In a recent Texas appellate case, four people sued the City of Austin under the Texas Tort Claims Act and the recreational use statute. The case arose when a man driving under the influence drove off the street, jumped a curb, and drove onto a hiking and biking trail next to the road. The car and a traffic warning sign struck and killed two people who were walking, a man and a woman. The man died due to his injuries. The drunk driver was sentenced to five years in prison for aggravated assault with a deadly weapon.

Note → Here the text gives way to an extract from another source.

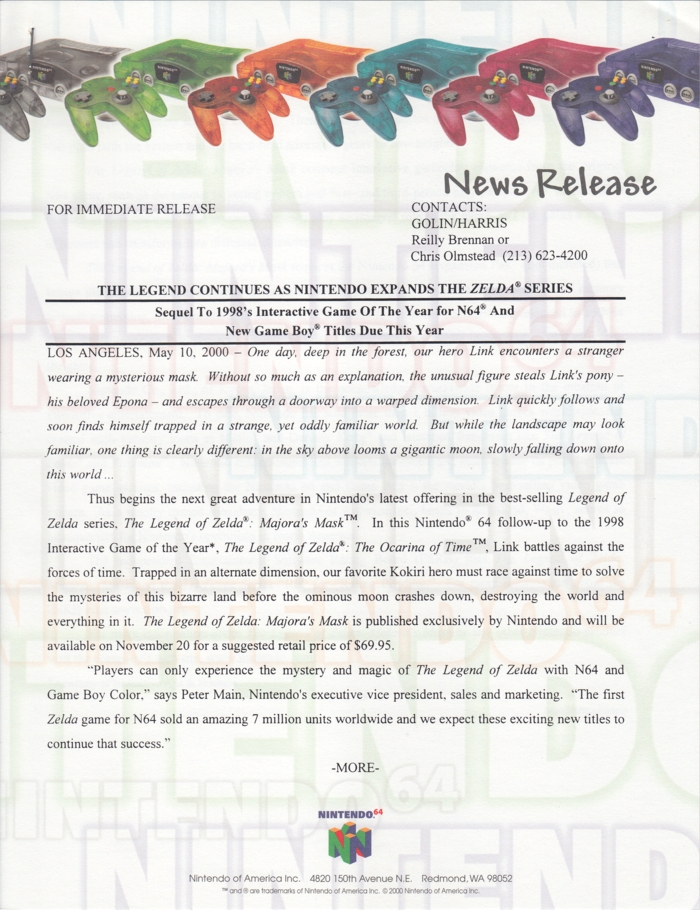 Nintendo 64 press release 4, front page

The man’s survivors sued the drunk driver and the city. Against the city, they asserted claims of gross negligence, negligence, premises defect, and special defect and argued that the city had breached its duties under the recreational use statute. They claimed that the city failed to safely build the trail, knew of previous incidents when vehicles traveled over the curb and onto the trail in the same location, and failed to appropriately warn or repair the dangerous condition. They also argued that the city maintained policies that required it to repair the problem once a danger was identified and that their failure to build a barrier was a failure to carry out a ministerial action that the city’s own policies required.
The city claimed that governmental immunity barred the plaintiffs’ claims, since sovereign immunity wasn’t waived for its discretionary choices related to the design of the road and the safety features to be installed. The plaintiffs responded that there was no immunity because the failure to fix the danger on the trail was a negligent failure to implement its own policy, rather than an initial design or policy choice for which there was immunity.